Ecos de saudade

Por Custódio Grenho | 17/02/2020 | Literatura

Tenho saudades; não sei se de ti, se de mim, ou se dos dois.

Sinto falta das brincadeiras de rua; do apanha, do mata, do peão, do eixo, do esconder, e de todas as outras... do riso em gargalhadas, das conversas francas, fáceis  simples puras e ingénuas, umas vezes em voz alta e outras em absoluto sigilo, por vezes até colando alternadamente os lábios de um no ouvido do outro para que nada se escapasse e pudesse ser ouvido por mais alguém além de nós.

...Do tempo em que nos sentavamos á  mesa d'um bar para tomar café e depois falávamos de nós, ás vezes durante horas a fio.
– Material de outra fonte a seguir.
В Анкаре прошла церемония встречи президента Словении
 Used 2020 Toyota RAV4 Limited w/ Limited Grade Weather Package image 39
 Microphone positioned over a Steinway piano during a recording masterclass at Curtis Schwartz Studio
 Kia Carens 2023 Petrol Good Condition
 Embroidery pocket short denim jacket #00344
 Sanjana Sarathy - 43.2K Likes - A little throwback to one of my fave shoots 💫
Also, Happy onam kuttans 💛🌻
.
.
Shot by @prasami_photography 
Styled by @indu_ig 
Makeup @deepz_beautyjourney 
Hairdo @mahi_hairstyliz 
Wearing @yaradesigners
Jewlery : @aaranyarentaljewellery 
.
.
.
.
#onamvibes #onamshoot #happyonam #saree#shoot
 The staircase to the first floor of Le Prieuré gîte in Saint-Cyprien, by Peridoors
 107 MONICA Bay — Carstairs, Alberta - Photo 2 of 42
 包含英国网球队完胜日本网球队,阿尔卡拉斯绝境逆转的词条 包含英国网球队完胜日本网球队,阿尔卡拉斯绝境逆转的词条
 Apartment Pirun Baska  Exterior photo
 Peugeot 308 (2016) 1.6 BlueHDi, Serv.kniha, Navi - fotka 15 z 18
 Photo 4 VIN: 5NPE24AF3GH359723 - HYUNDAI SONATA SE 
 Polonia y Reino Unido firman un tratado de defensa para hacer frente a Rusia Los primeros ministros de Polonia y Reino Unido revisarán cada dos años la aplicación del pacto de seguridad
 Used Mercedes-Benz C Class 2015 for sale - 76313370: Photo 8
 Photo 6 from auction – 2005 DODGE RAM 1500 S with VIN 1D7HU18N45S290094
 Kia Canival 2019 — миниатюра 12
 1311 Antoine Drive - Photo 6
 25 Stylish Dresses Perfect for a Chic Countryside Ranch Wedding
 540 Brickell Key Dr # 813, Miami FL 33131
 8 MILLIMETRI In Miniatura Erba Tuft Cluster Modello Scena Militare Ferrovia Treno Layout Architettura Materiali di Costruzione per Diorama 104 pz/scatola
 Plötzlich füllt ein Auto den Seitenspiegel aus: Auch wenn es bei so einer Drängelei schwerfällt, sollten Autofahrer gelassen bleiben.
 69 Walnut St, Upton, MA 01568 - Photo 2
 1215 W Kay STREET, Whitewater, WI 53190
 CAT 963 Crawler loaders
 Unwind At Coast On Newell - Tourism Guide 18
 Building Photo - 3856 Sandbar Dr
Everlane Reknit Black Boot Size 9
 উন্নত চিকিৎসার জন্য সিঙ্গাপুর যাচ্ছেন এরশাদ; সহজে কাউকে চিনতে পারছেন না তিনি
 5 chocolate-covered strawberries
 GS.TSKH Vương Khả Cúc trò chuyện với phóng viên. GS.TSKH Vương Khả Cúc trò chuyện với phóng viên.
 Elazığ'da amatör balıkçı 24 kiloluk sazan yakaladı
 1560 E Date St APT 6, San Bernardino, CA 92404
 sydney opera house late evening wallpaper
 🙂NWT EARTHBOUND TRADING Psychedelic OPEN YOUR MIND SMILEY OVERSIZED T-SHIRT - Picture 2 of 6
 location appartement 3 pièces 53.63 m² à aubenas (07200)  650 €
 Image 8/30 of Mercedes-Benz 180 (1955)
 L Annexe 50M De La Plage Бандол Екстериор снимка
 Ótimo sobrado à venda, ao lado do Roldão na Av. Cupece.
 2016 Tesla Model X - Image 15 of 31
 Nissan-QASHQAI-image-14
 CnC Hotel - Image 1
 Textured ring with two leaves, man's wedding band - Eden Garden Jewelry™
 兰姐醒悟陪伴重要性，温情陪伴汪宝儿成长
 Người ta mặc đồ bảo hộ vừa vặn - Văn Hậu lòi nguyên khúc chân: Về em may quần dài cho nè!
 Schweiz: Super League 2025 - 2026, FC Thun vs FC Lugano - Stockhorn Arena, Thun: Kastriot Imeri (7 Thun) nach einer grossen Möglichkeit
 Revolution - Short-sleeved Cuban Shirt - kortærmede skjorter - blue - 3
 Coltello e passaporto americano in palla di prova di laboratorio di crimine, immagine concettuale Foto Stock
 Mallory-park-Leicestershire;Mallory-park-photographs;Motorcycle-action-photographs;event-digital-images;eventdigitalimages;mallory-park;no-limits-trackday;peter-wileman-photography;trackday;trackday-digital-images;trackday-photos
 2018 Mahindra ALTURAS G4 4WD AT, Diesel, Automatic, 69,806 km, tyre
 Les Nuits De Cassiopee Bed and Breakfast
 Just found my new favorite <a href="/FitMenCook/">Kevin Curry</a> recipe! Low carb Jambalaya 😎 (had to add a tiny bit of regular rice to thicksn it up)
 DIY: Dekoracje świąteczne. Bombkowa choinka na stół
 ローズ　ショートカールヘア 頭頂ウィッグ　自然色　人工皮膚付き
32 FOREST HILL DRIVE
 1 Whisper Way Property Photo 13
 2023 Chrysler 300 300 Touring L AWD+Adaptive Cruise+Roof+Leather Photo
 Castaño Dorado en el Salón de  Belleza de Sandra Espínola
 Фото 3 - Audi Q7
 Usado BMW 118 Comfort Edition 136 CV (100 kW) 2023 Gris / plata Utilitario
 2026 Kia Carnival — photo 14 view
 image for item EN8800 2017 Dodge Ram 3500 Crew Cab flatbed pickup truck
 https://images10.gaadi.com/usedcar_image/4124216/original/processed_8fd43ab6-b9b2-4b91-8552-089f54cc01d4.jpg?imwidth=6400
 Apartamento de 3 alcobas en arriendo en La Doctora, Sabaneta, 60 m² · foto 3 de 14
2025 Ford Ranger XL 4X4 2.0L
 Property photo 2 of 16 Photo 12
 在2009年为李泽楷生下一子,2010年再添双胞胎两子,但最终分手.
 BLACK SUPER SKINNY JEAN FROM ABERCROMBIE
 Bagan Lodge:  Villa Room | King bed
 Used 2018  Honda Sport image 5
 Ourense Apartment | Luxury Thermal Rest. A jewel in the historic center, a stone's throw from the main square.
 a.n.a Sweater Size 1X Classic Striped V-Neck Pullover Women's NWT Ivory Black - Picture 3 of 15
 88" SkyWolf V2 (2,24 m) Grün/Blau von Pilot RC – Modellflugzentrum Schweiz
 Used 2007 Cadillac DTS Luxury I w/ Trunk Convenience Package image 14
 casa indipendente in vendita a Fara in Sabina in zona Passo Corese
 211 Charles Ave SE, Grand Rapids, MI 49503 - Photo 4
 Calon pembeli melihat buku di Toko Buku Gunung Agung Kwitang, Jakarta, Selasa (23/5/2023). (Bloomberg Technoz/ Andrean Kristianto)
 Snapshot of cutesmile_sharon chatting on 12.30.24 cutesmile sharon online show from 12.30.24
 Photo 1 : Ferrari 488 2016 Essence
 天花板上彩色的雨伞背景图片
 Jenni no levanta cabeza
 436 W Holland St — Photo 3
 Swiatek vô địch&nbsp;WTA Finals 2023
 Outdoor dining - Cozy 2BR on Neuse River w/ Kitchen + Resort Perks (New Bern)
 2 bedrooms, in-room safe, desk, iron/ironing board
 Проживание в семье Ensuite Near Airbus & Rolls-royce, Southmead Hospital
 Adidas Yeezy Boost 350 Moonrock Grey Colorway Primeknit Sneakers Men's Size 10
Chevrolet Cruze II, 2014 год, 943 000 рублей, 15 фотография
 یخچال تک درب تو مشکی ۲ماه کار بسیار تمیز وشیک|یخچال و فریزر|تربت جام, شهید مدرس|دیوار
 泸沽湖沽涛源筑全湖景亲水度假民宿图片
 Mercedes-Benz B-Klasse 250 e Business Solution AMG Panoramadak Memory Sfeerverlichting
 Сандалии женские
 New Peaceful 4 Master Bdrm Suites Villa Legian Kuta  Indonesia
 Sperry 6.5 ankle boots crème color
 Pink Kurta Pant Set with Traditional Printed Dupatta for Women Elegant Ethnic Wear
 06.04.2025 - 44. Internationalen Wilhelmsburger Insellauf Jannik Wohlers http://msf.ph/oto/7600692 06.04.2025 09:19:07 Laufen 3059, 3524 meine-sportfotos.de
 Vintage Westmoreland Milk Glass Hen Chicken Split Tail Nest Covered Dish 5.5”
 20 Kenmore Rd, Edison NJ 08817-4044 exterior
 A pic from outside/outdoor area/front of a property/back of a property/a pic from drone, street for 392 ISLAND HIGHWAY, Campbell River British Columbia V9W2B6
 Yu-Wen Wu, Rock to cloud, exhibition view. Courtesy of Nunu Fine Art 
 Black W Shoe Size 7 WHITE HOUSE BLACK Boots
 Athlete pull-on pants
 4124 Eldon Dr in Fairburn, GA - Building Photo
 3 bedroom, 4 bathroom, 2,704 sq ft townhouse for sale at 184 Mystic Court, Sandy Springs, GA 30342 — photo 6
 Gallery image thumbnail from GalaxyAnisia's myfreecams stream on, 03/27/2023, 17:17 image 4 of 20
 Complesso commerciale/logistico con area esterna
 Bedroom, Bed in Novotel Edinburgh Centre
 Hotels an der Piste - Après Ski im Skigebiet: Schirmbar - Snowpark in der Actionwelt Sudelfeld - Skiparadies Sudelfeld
Longe vai o tempo dos risinhos sem se saber porquê, das corridas apressadas sem motivo, das conversas em segredo, dos olhares fortuitos que nos ruborizavam a face e dos acenos ao longe.
Longe vai o tempo em que nos sentavamos frente a frente para um café, ou lado a lado num banco de  jardim a conversar coisas parvas que pareciam não ter sentido, mas que faziam as nossas delícias e a nossa felicidade parecer eterna, outras vezes ficávamos apenas a ouvir o cantar dos pássaros que esvoaçavam na ramagem por cima das nossas cabeças, ou ficávamos simplesmente parados no tempo, de olhos nos olhos em silêncio, deixando apenas falar o coração enquanto o pensamento voava para longe.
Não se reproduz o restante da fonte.